Decisão do TSE em Questão Importante
O Tribunal Superior Eleitoral (TSE) decidiu, por maioria, não analisar a liminar do ministro André Mendonça que havia solicitado à Federação Brasil da Esperança (PT, PCdoB e PV) a entrega de gravações e documentos referentes ao 8º Congresso Nacional do PT e ao projeto ‘Porta-Vozes de Lula’.
Esse julgamento ocorreu de forma virtual entre os dias 12 e 14 de agosto, onde a corte identificou que o processo foi distribuído de maneira inadequada a Mendonça, que estava atuando como juiz auxiliar da propaganda eleitoral.
Diante dessa situação, os ministros decidiram não apreciar a liminar e determinaram que o caso seja redistribuído entre os integrantes competentes do tribunal, na classe de Ação Cautelar.
Divergências na Decisão
A divergência foi iniciada pelo ministro Ricardo Villas Bôas Cueva e contou com o apoio de Antonio Carlos Ferreira, Floriano de Azevedo Marques, Estela Aranha e do presidente do TSE, Kassio Nunes Marques.

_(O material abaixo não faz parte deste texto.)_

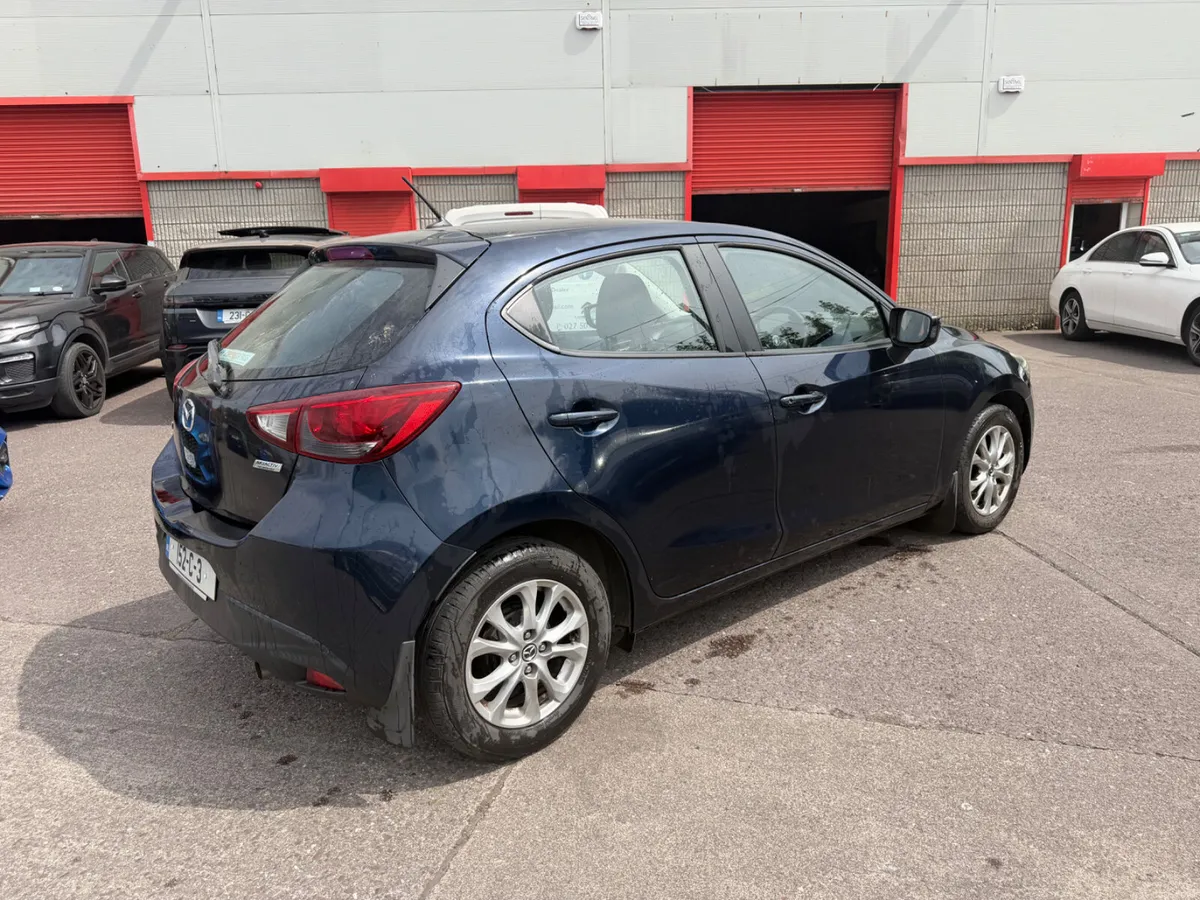 2015 Mazda 2 - Image 5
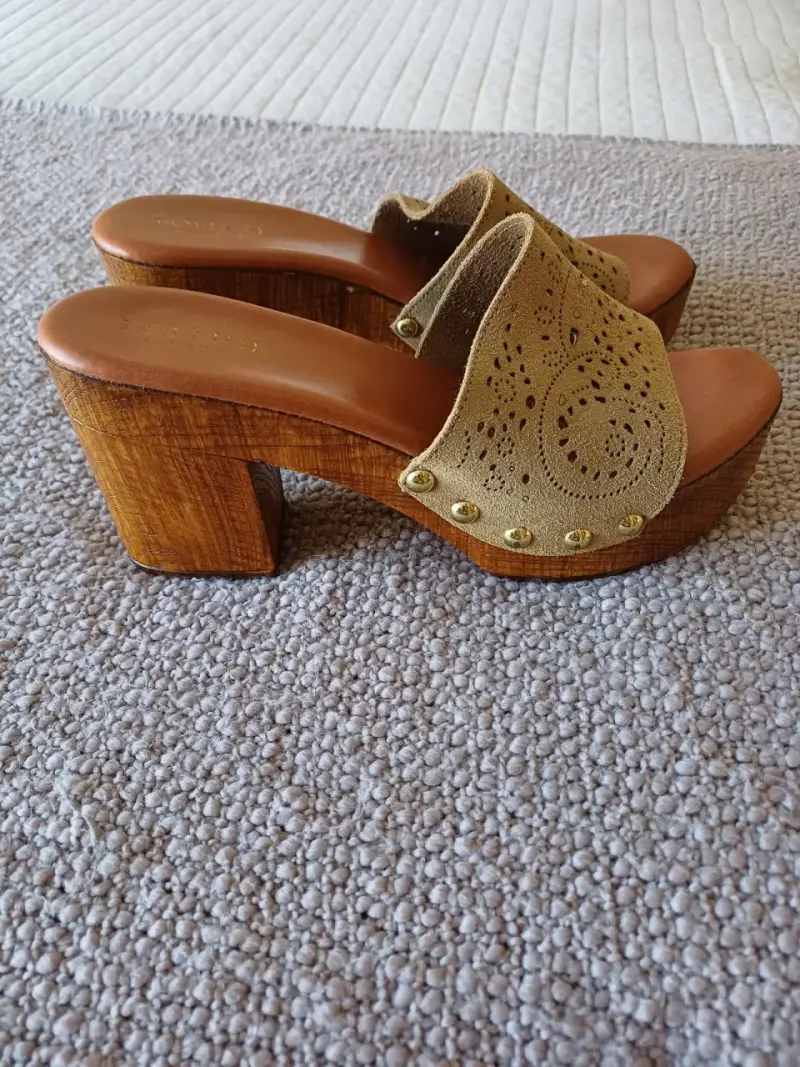 Zuecos de tacón alto de madera y gamuza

André Mendonça e Dias Toffoli ficaram em posição vencida nesta discussão. É importante ressaltar que a decisão do plenário não abordou o mérito da liminar anteriormente concedida por Mendonça, ou seja, a corte não decidiu se a Federação Brasil da Esperança deve ou não entregar os documentos solicitados.
Segundo a liminar, concedida parcialmente, o PL acusou o PT de utilizar sua estrutura e recursos públicos para promover uma campanha negativa contra Flávio Bolsonaro (PL), levando à solicitação de documentos que incluíam gravações do evento realizado em abril e contratos relacionados ao projeto ‘Porta-Vozes de Lula’.
Implicações e Considerações Finais
A liminar buscava garantir que eventuais provas se mantivessem disponíveis durante a apuração do caso, pois registros digitais podem ser apagados ou perdidos com o tempo.
Mendonça enfatizou, contudo, que estratégias de militância digital e críticas a outros candidatos não configuram práticas ilícitas, desde que não haja remuneração ou vantagem econômica em troca das publicações.
Com a decisão do plenário, o processo deve ser redistribuído, passando à análise de outro membro da Corte, que poderá oferecer novo parecer sobre a questão.